Aktor film sekarang jadi ujung tombak produksi drama teater yang jadi bahan baku film, konsep cerita jadi modal utama agar pemodal mau memberikan biaya produksi. Banyak baca buku karena buku itu habent sua fata libbelli memiliki keajaiban mengantar pikiran mengembara berkelana kemana-mana. Jangan sampai terperangkap kejujuran bisnis produksi, agar dapat berkelanjutan, Jappy Tambajong melakukan pergelaran mitos Toar Lumimuut 1991, 2003 dan 2005 di Gedung Kesenian Jakarta yang bergengsi. Yoseano Waas membuat film ‘’Benteng Moraya’’ kisah perang Tondano melawan Hindia Belanda 1808-1810, pengambilan gambar dilakukan di Minahasa 1992. Biaya produksi melampaui kesepakatan dengan pemodal Peter Gonta, hingga dana terhenti film tidak selesai. Skenario tulisan Asrul Sani tidak dapat dibuat novel karena merasa bukan kawanua.

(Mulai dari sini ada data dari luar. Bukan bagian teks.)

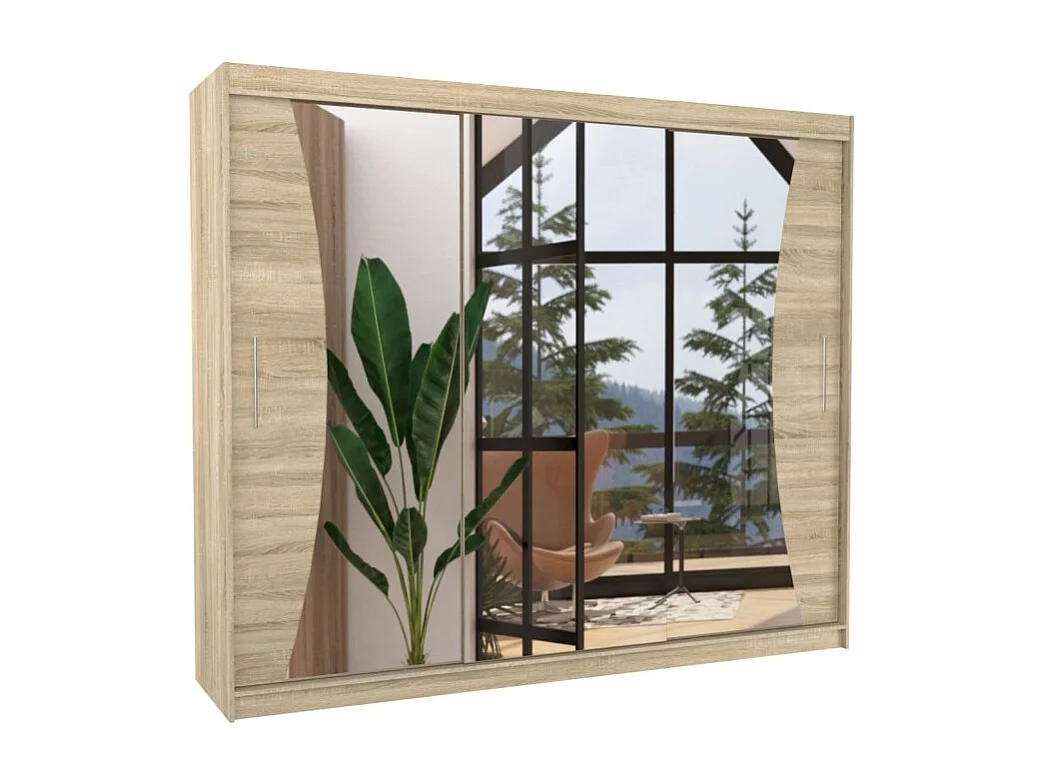 Armadio Enzo (250cm)/ante scorrevoli/specchio/Sonoma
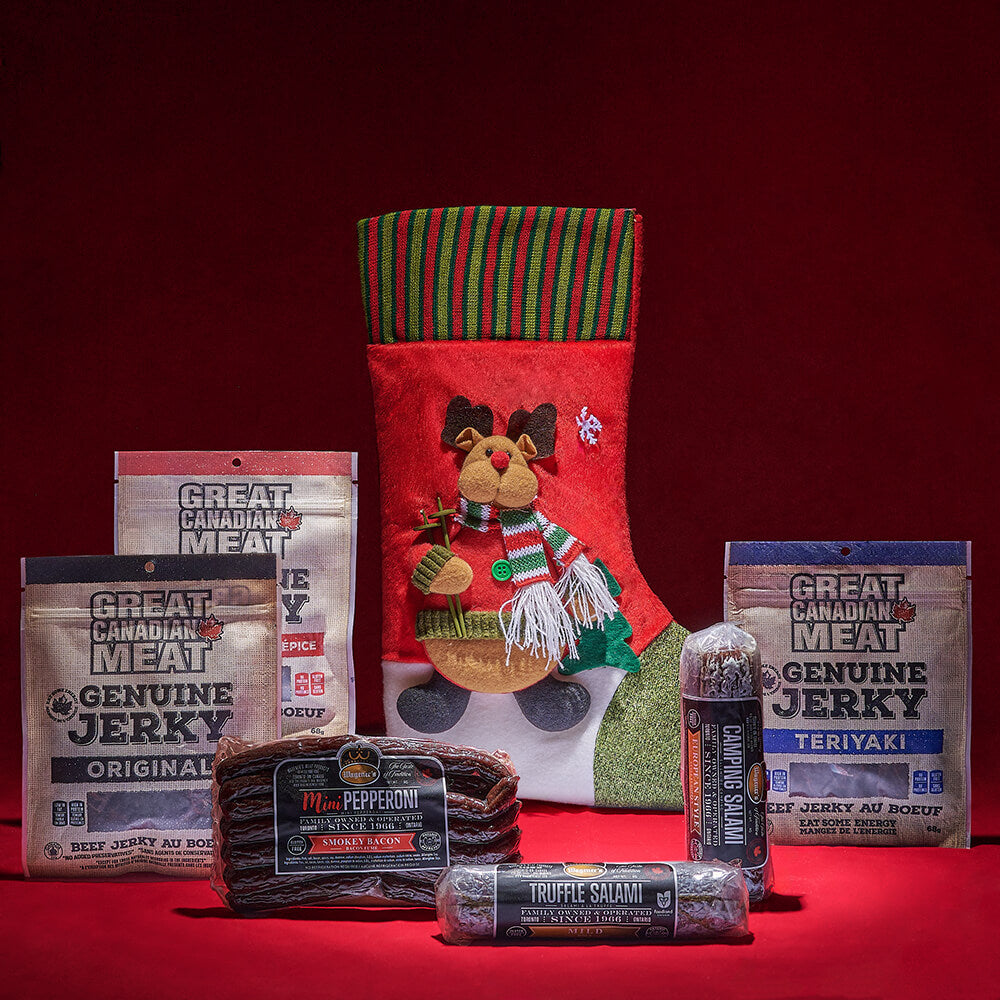 Reindeer Stocking with Assorted Jerky – how the gift is presented
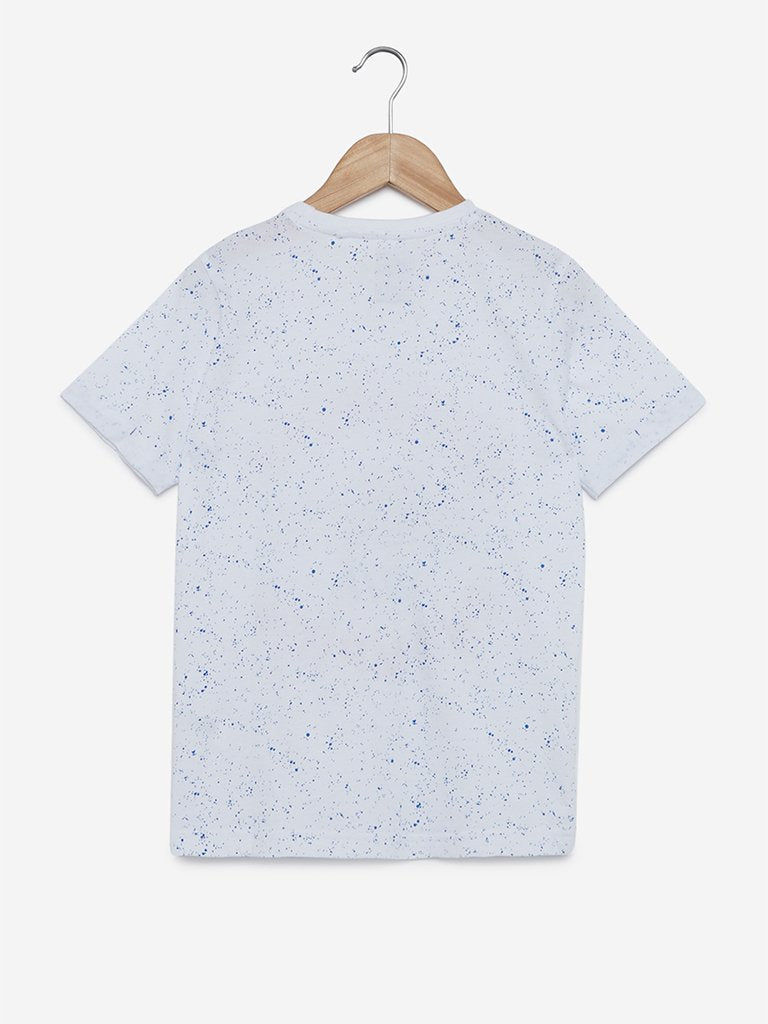 Y&F Kids White Printed Pure-Cotton T-Shirt
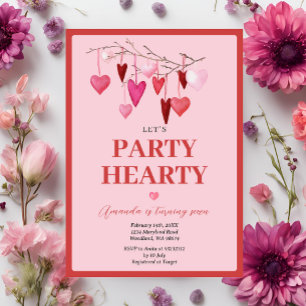Pink Let's Party Hearty Valentine Balloon Birthday Invitation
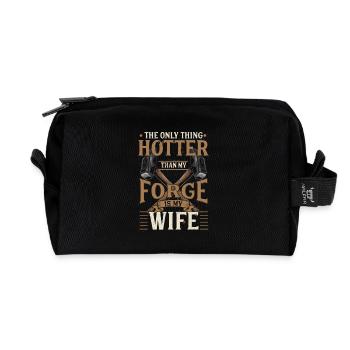 Blacksmith Forging Gift - Recycled Toiletry Zip Bag - black - Front
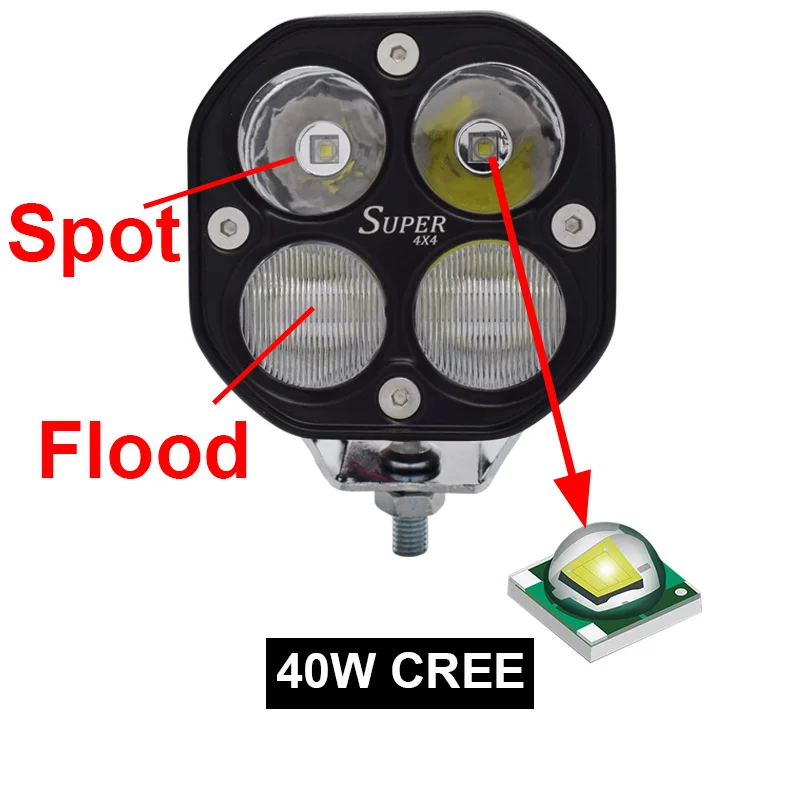 JALN7 Offroad LED Driving Lights 4x4 Pods Motorcycle 3 Inch 40W Headlight Fog Jeep Lada 4WD Bulb ATV UTV Pickup Truck SUV 2pcs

Peribahasa latin untuk artis seni drama teater Minahasa yang paling mengena adalah Experienta Docet Sapientiam dari pengalaman membuat manusia jadi lebih bijaksana. Perkembangan perfilman sudah jauh lebih mudah dari sepuluh tahun lalu dengan adanya produksi sinetron yang dapat dijual dalam bentuk VCD. Biaya produksi menjadi jauh lebih murah dengan bantuan komputer lap-top, karya produksi film dapat dijual seperti menjual produksi rekaman musik populer. Kalau kita ingin tahu kemana seni drama teater Sulawesi Utara itu berkembang, yang pertama yang harus kita analisa adalah dari asalnya seni drama itu di Sulawesi Utara dari tradisi atau hanya beradaptasi.